§ **Brief**
Copy the lines from the start of the records below through the line containing "Borító: Bűvölet és apró mocskos gyilkosságok", both included, and leave out the pictures.

§ **Provided records**
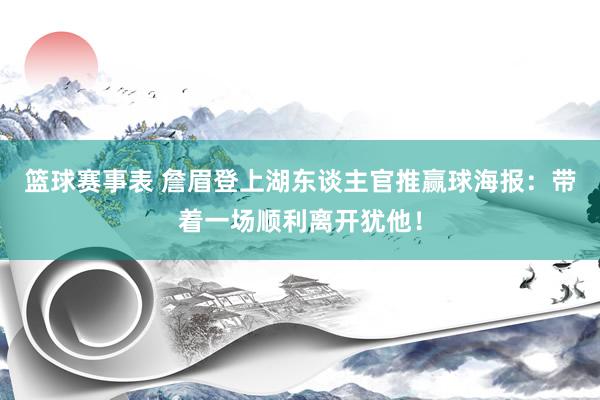 篮球赛事表 詹眉登上湖东谈主官推赢球海报：带着一场顺利离开犹他！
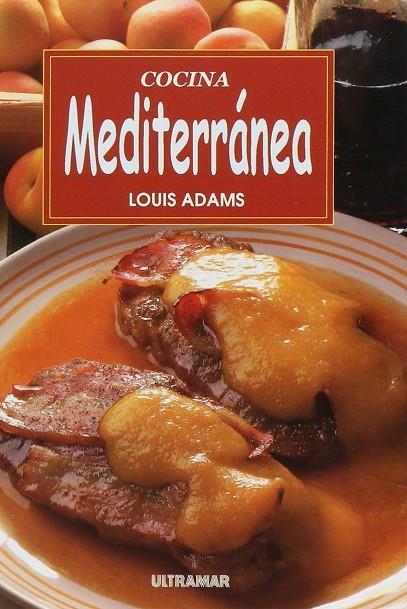 COCINA MEDITERRANEA | 9788473869805 | ADAMS, LOUIS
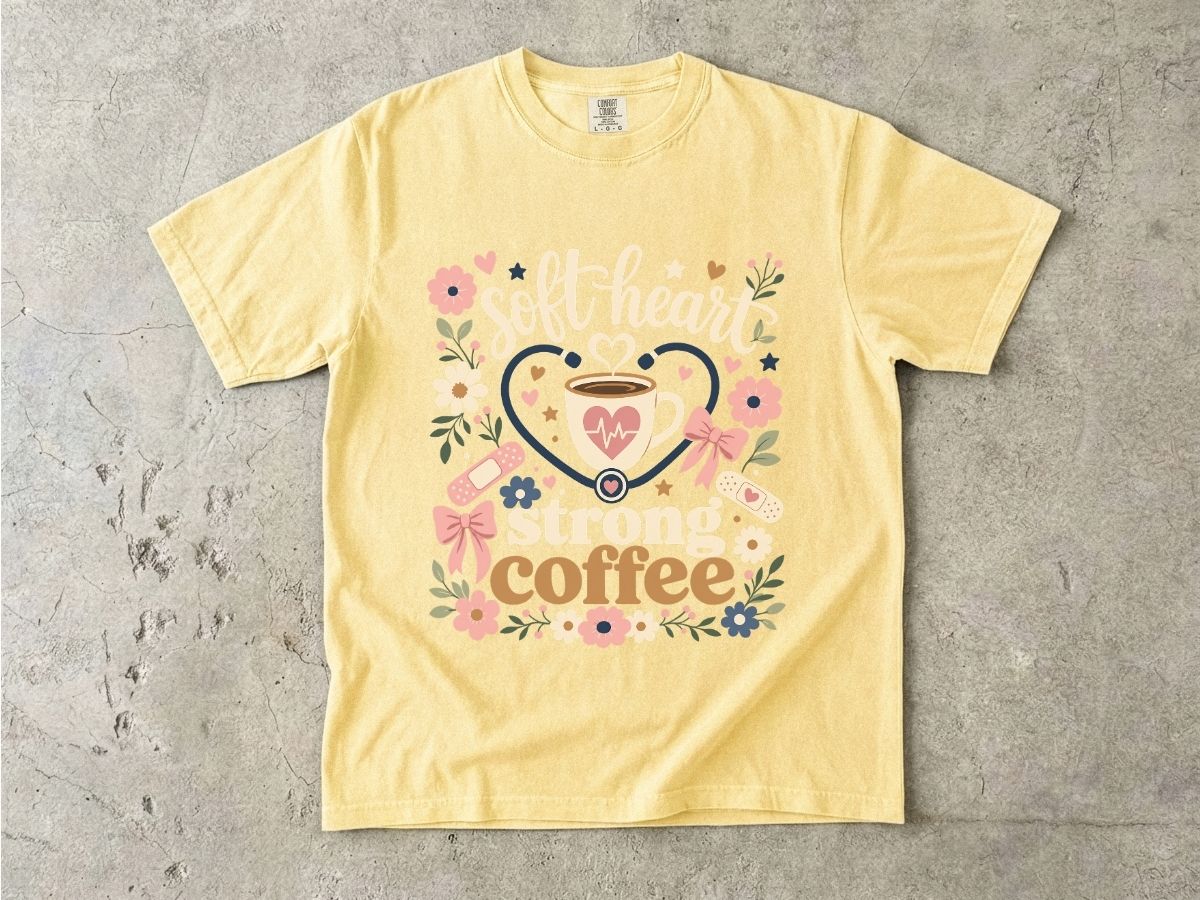 Soft Heart Strong Coffee Shirt | Floral Nurse Gift Tee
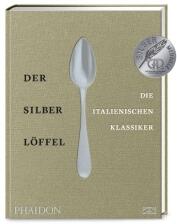 Der Silberlöffel- Die italienischen Klassiker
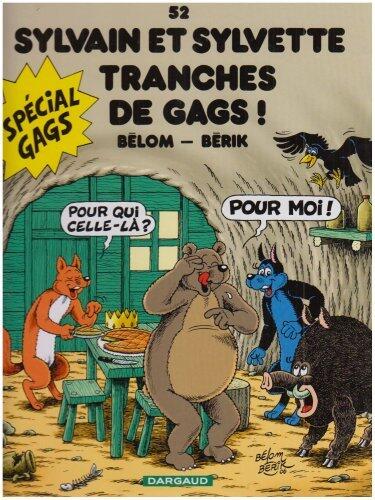 Sylvain et Sylvette, tome 52: Tranches de Gags !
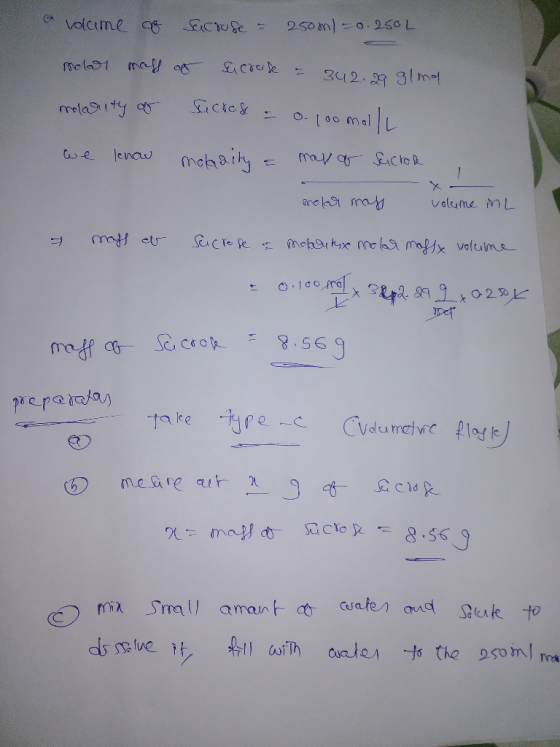 a volume of sucrose = 250m/=0.250 L molar mass of sucrose = 342.29 31 ma molarity of suctos = 0.100 mol/L we know okaity & ma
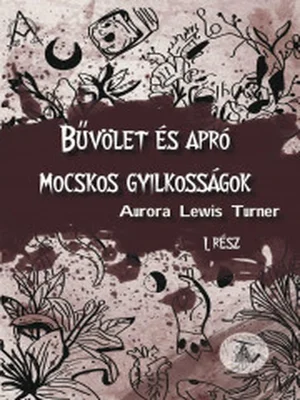 Borító: Bűvölet és apró mocskos gyilkosságok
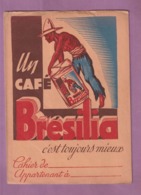 RARISSIME : PROTEGE CAHIER CAFE  BRESILIA  - - Protège-cahiers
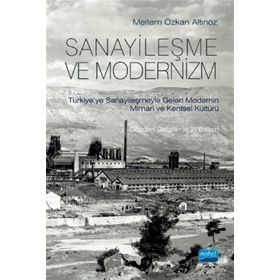 Sanayileşme Ve Modernizm Meltem Özkan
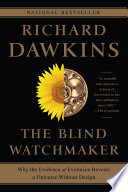 Cover of Blind Watchmaker Why the Evidence of Evolution Reveals a Universe Without Design
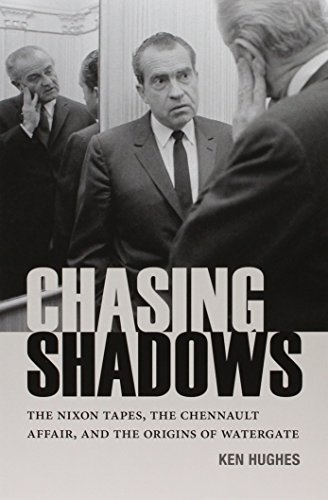Chasing Shadows: The Nixon Tapes, the Chennault Affair, and the Origins of Watergate (Miller Center Studies on the Presidency) von University of Virginia Press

§ **Response area**
 篮球赛事表 詹眉登上湖东谈主官推赢球海报：带着一场顺利离开犹他！
 COCINA MEDITERRANEA | 9788473869805 | ADAMS, LOUIS
 Soft Heart Strong Coffee Shirt | Floral Nurse Gift Tee
 Der Silberlöffel- Die italienischen Klassiker
 Sylvain et Sylvette, tome 52: Tranches de Gags !
 a volume of sucrose = 250m/=0.250 L molar mass of sucrose = 342.29 31 ma molarity of suctos = 0.100 mol/L we know okaity & ma
 Borító: Bűvölet és apró mocskos gyilkosságok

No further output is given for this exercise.